Rick Warren’s Purpose for Rwanda

ASSIST Ministries carries an interview with Rick Warren containing this interesting sub-heading:

RWANDA TO BECOME THE ‘FIRST PURPOSE-DRIVEN NATION’

Warren said that the plight of Africa was very much on his heart at this time. “I’ve been in three different countries in Africa already this year,” he said. I’ve been Uganda, Rwanda and Kenya and actually in ten days, we are going back to Rwanda. The President, Paul Kagame, has invited us to help Rwanda become the first ‘purpose-driven nation.’

“We are going to go there for ten days and I’m going to do a day of training for business leaders as well as training for the government leaders and the cabinet and also a day of training for the religious leaders. Then, on the last day, on July 16th, we are going to do National Reconciliation Rally in National Stadium of Rwanda to talk about reconciliation between the Tutsi and Hutu. It will be eleven years after the genocide.”

Warren first announced his plans for Rwanda back in April, when he launched his five-point “P.E.A.C.E.” plan for Africa: the letters stand for “Plant churches, Equip servant leaders, Assist the poor, Care for the sick and Educate the next generation.” Warren can be seen as natural successor to Charles Finney: just as Finney developed a method for organising successful revivals in the 19th century, so Warren’s success is down to tutoring by management guru Peter Drucker – who now calls Warren “the inventor of perpetual revival.” Warren has applied his “purpose-driven” technique to churches, Christians – and now, a whole country looks like it will be next.

Warren made his announcement at Saddleback church’s 25th anniversary celebrations. The Baptist Press reported at the time:

The official rollout of P.E.A.C.E. will focus on the small country of Rwanda in eastern Africa, where a million people were killed in a 100-day genocide in 1994. A recent visit to the country convinced Warren that Rwanda had the right qualities for what he called “the first model of national cooperation” between churches and a country’s leaders.

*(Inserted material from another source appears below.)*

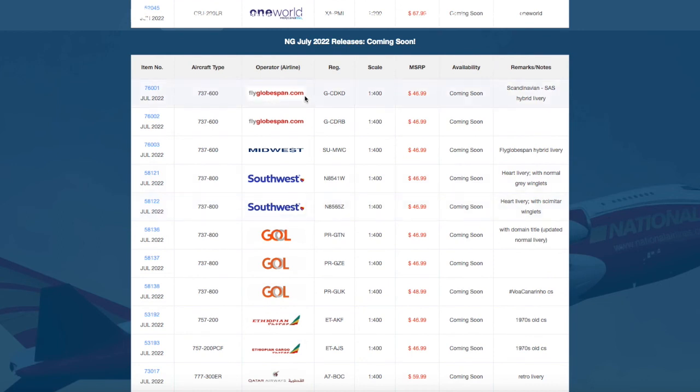This release doesn't have anything that really interests me personally. Maybe I'll get the FlyGlobespan because it looks cool, but there's nothing I really need for Newark Airport or the other airports I'm building. With that said, that concludes this video. If you like the video, please like, subscribe, and turn on the notification bell. Comment below what you're getting from this release — thank you for watching and I'll see you in the next one. Goodbye.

Warren said he was impressed with the spiritual depth of Rwandan church leaders who opposed the genocide and have led the people into a “spirit of hope and reconciliation.” He also said he believes God wants to begin something new in a small country that the world ignores.

Warren then introduced President Paul Kagame as a “wonderful Christian leader” who has demonstrated his trustworthiness in rebuilding the country.

The BBC offers up some more personal details about Kagame in this 2000 profile:

Although Mr Kagame often mocks his image as a military strongman and powerbroker, little takes place in Rwanda without his knowledge.

…Colleagues hint at an ascetic temperament, presenting the president as an incorruptible teetotaller and strong disciplinarian.

Mr Kagame eschews any form of flamboyance and is a low-key, dry public speaker. He is married with four children. Leisure pursuits include playing tennis and reading.

…Paul Kagame is also a firm advocate of Rwanda’s continuing military engagement in the Democratic Republic of Congo, arguing that vital security issues are at stake and nobody but Rwandans will protect his country’s security.

Kagame led the rebel troops that finally ended the Hutu-led massacres in 1994, so Warren’s enthusiasm is understandable. However, Warren would perhaps be wise to maintain some critical distance. From today’s BBC:

The International Court of Justice in The Hague has begun hearing allegations of human rights atrocities committed by Rwandan troops in DR Congo.

DR Congo accuses its neighbour of armed aggression, mass slaughter, rape, abduction, looting and assassination.

The charges were filed in 2002, and are strenuously rejected by Rwanda. DR Congo also made accusations of village-burning against Rwanda back in November; Rwanda maintains that it only sends troops into Congo to hunt down Hutu extremists who have been in the country since 1994. In December 2004, Alison Des Forges of Human Rights Watch noted that some of these Hutu groups have themselves been killing and looting local Congolese. However, she also claimed that

Rwandan officials say their “surgical strikes” will target only FDLR [the “Forces Démocratiques de Libération du Rwanda”, which many of the Hutu forces  in DR Congo have joined], but distinguishing combatants from civilian populations is often difficult. In addition, civilians are frequently caught between demands for assistance from competing forces and end up being punished for having given—or for being suspected of having given—aid to the other side. In the last week there have been reports of villages burned and of civilians killed.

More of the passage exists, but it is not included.